BarFly Ventures goes green
Just in time for Earth Day, BarFly Ventures, the owner of HopCat, Stella’s, The Viceroy, McFadden’s, and the soon-to-open Grand Rapids Brewing Co., has launched a recycling program expected to reduce the amount of landfill waste the downtown establishments generate by up to 85 percent.
The program was rolled out at all BarFly restaurants and bars April 18 after months of planning and research of best practices. Studying the methods of various smaller establishments throughout the region, BarFly’s management developed and implemented the program on a much larger scale. The initiative allows most of BarFly’s waste to end up in composting and recycling bins throughout their facilities, rather than going to a landfill. A comprehensive training program for BarFly’s more than 150 employees is helping to ensure that as much waste as possible will end up avoiding the landfill.
“Our staff is excited to be a part of this program because we all know it will have a greatly reduced impact on the environment,” said Garry Boyd, who manages the day-to-day operations of the BarFly properties. “We hope this will help spur other local establishments, both large and small, to start recycling and composting.”
In addition to the recycling program, BarFly will be switching all of its businesses over to LED light bulbs within the next month, reducing electricity usage by up to 90% compared with traditional bulbs. This requires retrofitting existing light fixtures, ordering custom-sized LED bulbs, and programming the color of the new LED bulbs using a special computer program. Though it will require a large initial investment, the high-tech lighting is expected to pay for itself over time through reduced energy costs and less time spent replacing bulbs.
“These programs are part of our efforts to continually improve our businesses, reduce our environmental impact, and make our community a better place to live,“ said BarFly owners Mark and Michele Sellers.
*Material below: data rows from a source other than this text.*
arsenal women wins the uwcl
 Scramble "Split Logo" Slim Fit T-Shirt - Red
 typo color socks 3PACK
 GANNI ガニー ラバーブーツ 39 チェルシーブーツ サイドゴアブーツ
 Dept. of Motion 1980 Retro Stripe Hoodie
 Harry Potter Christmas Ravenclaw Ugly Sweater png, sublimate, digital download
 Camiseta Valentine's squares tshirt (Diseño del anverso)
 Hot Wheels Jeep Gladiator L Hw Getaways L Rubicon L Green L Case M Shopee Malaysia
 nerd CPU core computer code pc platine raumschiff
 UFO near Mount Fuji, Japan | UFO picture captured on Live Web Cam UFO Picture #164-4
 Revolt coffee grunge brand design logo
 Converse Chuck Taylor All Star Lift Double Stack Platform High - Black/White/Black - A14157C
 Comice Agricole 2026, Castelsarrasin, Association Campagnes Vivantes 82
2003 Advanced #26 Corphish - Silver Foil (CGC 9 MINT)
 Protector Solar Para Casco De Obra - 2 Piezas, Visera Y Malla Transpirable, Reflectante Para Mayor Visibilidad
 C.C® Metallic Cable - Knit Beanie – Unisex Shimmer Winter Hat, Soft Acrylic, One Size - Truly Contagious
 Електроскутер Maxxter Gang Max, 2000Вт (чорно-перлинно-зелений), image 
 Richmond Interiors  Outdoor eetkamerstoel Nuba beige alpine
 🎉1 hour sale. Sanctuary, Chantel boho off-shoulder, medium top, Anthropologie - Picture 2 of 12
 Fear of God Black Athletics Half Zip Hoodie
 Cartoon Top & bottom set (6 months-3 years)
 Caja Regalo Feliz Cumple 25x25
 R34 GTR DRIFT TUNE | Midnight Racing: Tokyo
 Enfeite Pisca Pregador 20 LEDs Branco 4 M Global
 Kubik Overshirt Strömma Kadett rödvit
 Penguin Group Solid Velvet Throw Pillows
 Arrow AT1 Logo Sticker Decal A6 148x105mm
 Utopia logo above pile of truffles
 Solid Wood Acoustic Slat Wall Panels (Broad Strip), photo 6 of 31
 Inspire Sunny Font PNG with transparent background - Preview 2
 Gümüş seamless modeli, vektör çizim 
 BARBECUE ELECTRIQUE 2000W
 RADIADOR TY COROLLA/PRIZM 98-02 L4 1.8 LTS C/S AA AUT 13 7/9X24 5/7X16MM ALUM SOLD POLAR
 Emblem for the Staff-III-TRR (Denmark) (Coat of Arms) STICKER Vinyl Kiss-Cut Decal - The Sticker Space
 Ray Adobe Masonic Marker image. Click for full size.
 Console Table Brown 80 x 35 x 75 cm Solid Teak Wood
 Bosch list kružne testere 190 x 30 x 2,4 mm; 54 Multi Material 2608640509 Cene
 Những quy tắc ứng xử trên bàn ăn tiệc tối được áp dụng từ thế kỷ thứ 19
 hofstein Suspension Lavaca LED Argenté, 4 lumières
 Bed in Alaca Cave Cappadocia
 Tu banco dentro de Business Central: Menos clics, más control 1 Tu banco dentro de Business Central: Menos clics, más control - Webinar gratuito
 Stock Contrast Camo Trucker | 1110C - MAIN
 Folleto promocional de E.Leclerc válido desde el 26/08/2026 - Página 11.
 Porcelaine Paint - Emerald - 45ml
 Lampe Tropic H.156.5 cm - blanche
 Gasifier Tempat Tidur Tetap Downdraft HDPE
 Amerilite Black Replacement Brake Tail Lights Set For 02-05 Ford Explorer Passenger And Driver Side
These new measures are in addition to other waste reduction and sustainability efforts by BarFly. For example, for several years, spent grain from the brewing process at HopCat has been given to local farmers who use it for feed. Bakers at local businesses such as Nantucket Bakery and The Winchester also use it to make bread. BarFly’s fryer oil is recycled by Urban Bio-Energy. “Our community – including public schools, individuals, and businesses – is really moving in the right direction when it comes to participation in recycling programs,” said James Hurt, public services director for the city. “With BarFly’s new initiative, they have become a leader in this area and are setting an example that we want our community to emulate.”